*Exercise goal:*
Everything from the line holding "Recambio de centralita" to the end of the listing below should be copied exactly, line for line, minus the pictures.

*Records to use:*
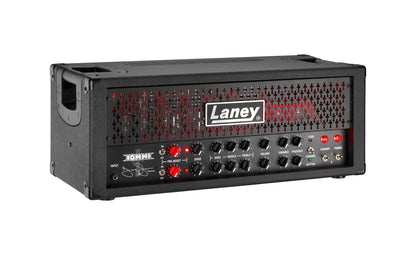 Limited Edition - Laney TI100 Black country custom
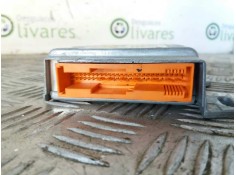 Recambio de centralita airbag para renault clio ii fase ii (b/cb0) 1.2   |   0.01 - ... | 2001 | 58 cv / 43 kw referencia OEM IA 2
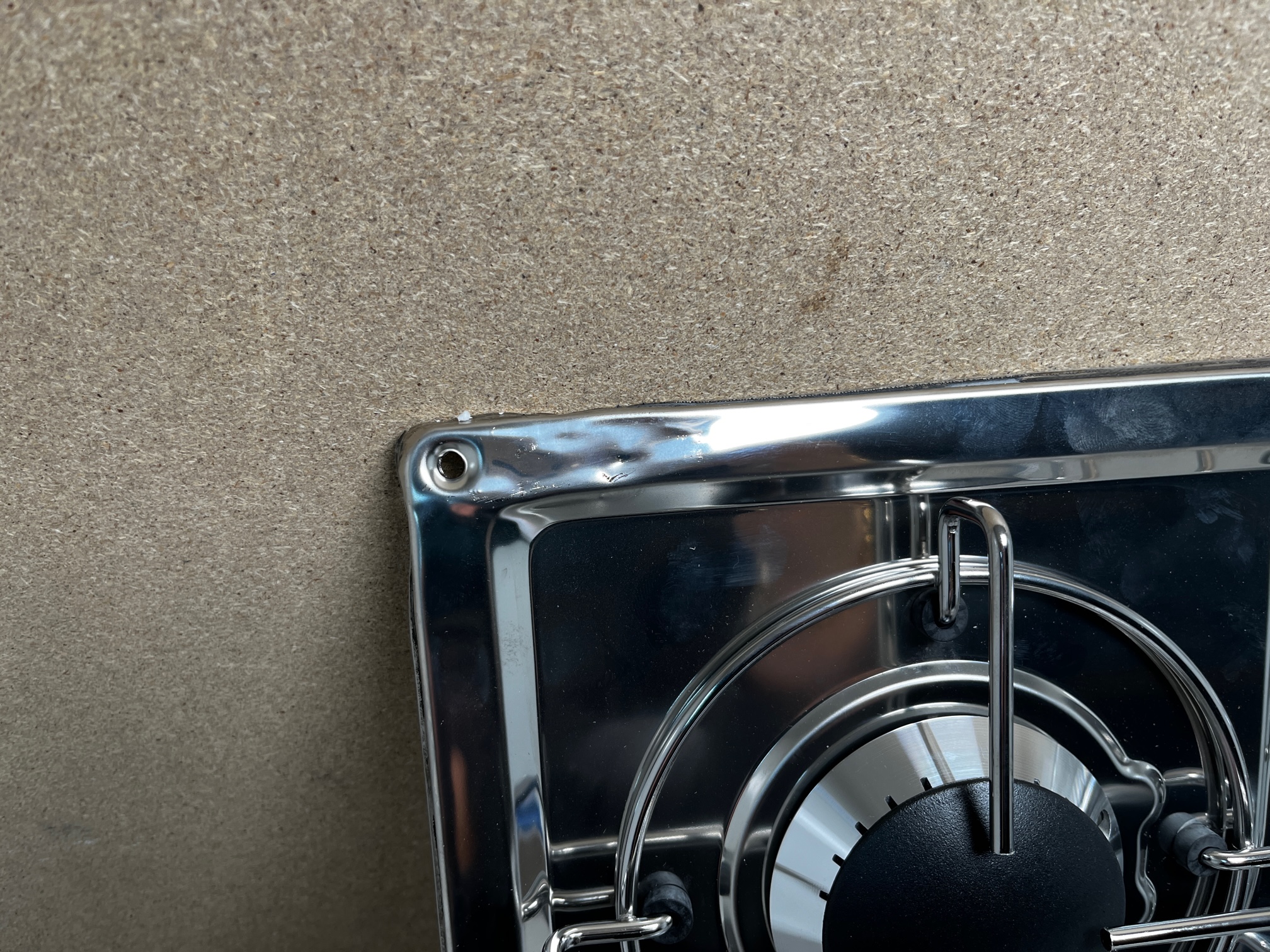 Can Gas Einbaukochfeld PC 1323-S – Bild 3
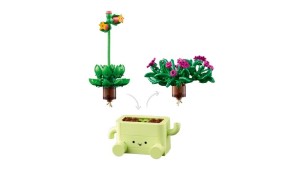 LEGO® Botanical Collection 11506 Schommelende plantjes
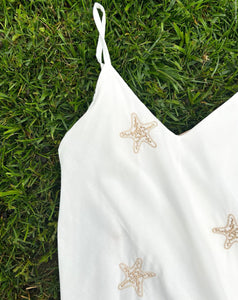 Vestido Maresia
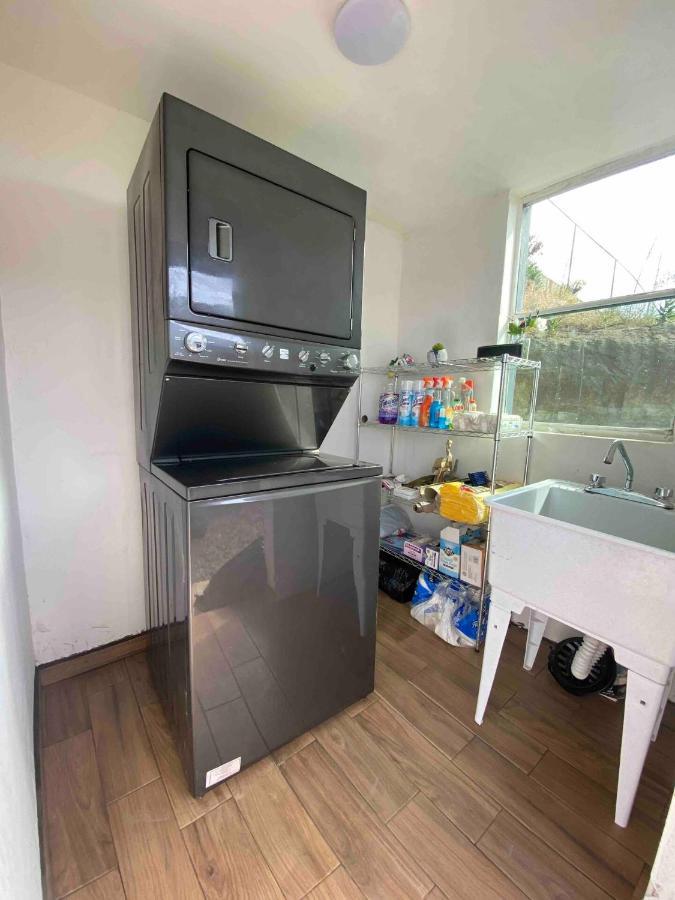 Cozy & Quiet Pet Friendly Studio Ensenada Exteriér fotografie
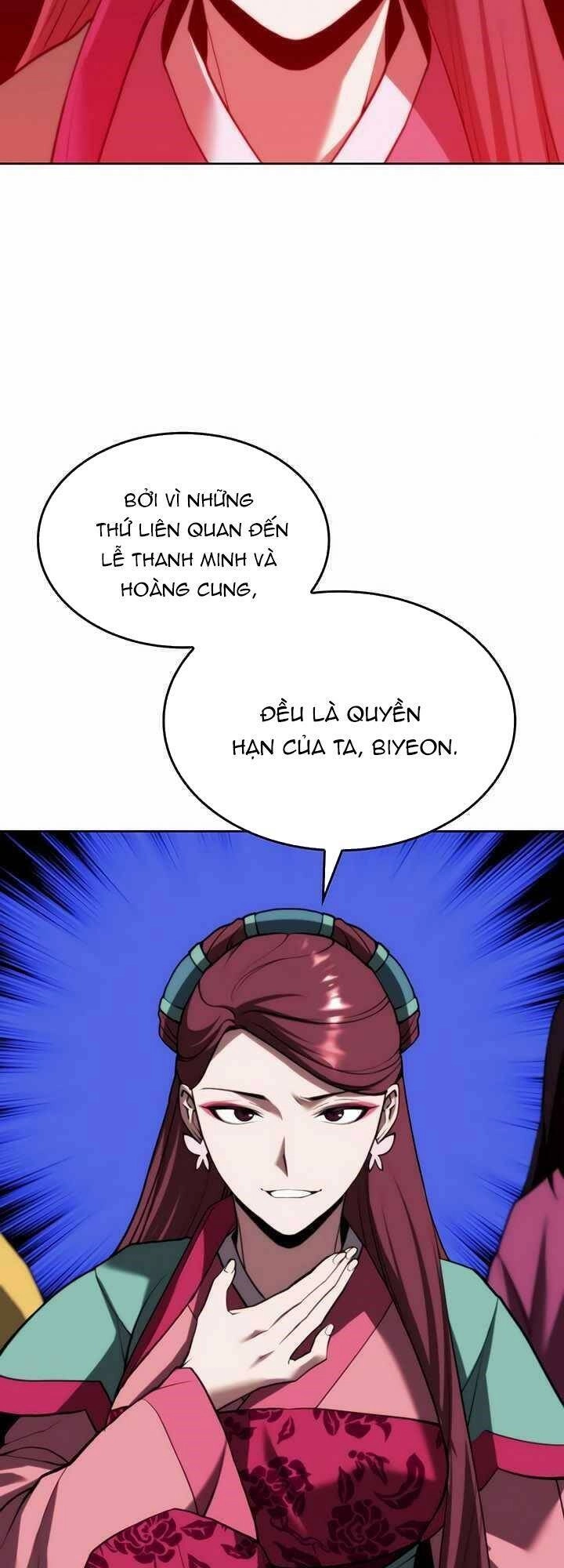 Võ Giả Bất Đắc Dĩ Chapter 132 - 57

*Answer box:*
 Recambio de centralita airbag para renault clio ii fase ii (b/cb0) 1.2   |   0.01 - ... | 2001 | 58 cv / 43 kw referencia OEM IA 2
 Can Gas Einbaukochfeld PC 1323-S – Bild 3
 LEGO® Botanical Collection 11506 Schommelende plantjes
 Vestido Maresia
 Cozy & Quiet Pet Friendly Studio Ensenada Exteriér fotografie
 Võ Giả Bất Đắc Dĩ Chapter 132 - 57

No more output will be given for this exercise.